ISO 50001 de 9001 ve 14001 gibi belge sağlayıcı akredite kuruluşların eğitimleri, denetimleri vs. uzun bir sürecin (edit: asgari 6-7 ay) sonunda elde edilmektedir. İşletmeler kendi iniyasitifindeki (tedarikçilerin enerji verimliliği kapsanmaz) konularda bir enerji yönetim sistemini kurmalı, uygulamalı, sürdürmeli ve sürekli iyileştirmelidir. Bu standart, işletmelerin enerji politikaları ve hedefleri belirlemesini, enerji tüketimini ölçmesini, analiz etmesini ve iyileştirmeler için eylemler planlamasını gerektirir. İşin personel boyutu da, mevcut cihazların verimliliğinin farkedilmesi de hatta bundan böyle satın alınacak ekipmanın verimliliğini garanti etmek amacıyla satınalma birimlerinin eğitilmesi de sisteme dahildir. Patronaj kısmı ayrıca önemlidir, zira sistem ilk sonuçlarını vermeye başlayıp örneğin otelin soğuk odalarının çok verimsiz olduğu raporlandığında, hedefe ekipman yenilemenin konulup konulamayacağı üst yönetime bağlıdır. Enerjide iyileştirme (birim çıktı başına harcanan enerjide azalma) hedeflerini koymak ve hedefi tutturmak için sürekli iyileştirme yapmak şarttır. Hedefler üst yönetim onayıyla konur. Patronaj, verimsiz chiller grubunu yenilemeyi göze almaz ise oradan bir hedefleme yapamazsınız.

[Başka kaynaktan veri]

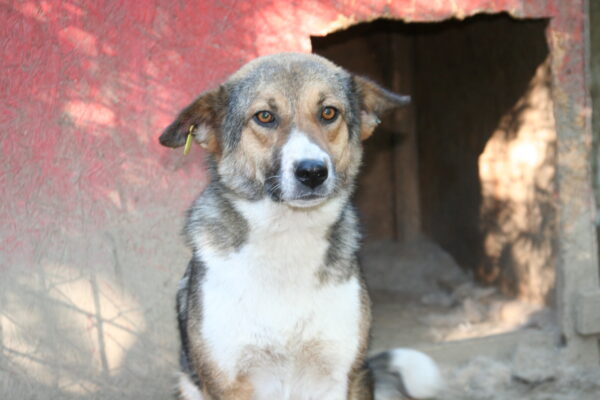 TINKER - reserviert Tierhilfe Lebenswert DR 13.02. - vermittelt – Bild 4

Örneğin bir resort oteldeki EnYS nasıl işler? Otelin en çok enerji tüketilen yerleri, soğutma (chiller), çamaşırhane, mutfak, havuzlar olarak sıralanabilir. En büyük tasarruf hedeflerine buralardan ulaşmak için bunların bağımsız tüketimlerini ölçmek zorunludur ama bu tüketimi yaparken ne çıktı verdiğine bakılmaksızın EnYS çalışamaz. Yani çamaşırhane tüketimini ölçmek en kolayıdır ancak o enerji karşılığında kaç m2 çarşaf, kaç havlu yıkandığı bilinmeden sonraki ay tüketiminin -varsa- iyileşme oranı bilinemez. Bu zorluk, o ayda konaklanan gece sayıları kıyaslanarak belki aşılabilir. Keza mutfak departmanı için de aynı zorluk vardır. Havuzlar için, harcanan enerji/havuzun işletildiği gün sayısı formülü iş görecektir. Havuz pompalarının yenilenmesi, filtre temizlikleri, sürücülü motorlar vb. iyileştirmelerinin getireceği sonuçlar bu formülde kendini gösterir. Öyleyse siz bu büyük tüketicilerle ilerleme sağlayabilecek iken misafir yatak odalarının enerjisini ölçerek işe başlayamazsınız. Zira hem getirisi az olacaktır hem de EnYS konfordan tasarruf etmenizi asla beklemez. Misafir odasını soğutmak için gönderdiğiniz soğuk suyun sıcaklığını 1-2 derece yükseltmekle hedefinize erişmeniz istenmez. Misafir şikayetçi olabilir.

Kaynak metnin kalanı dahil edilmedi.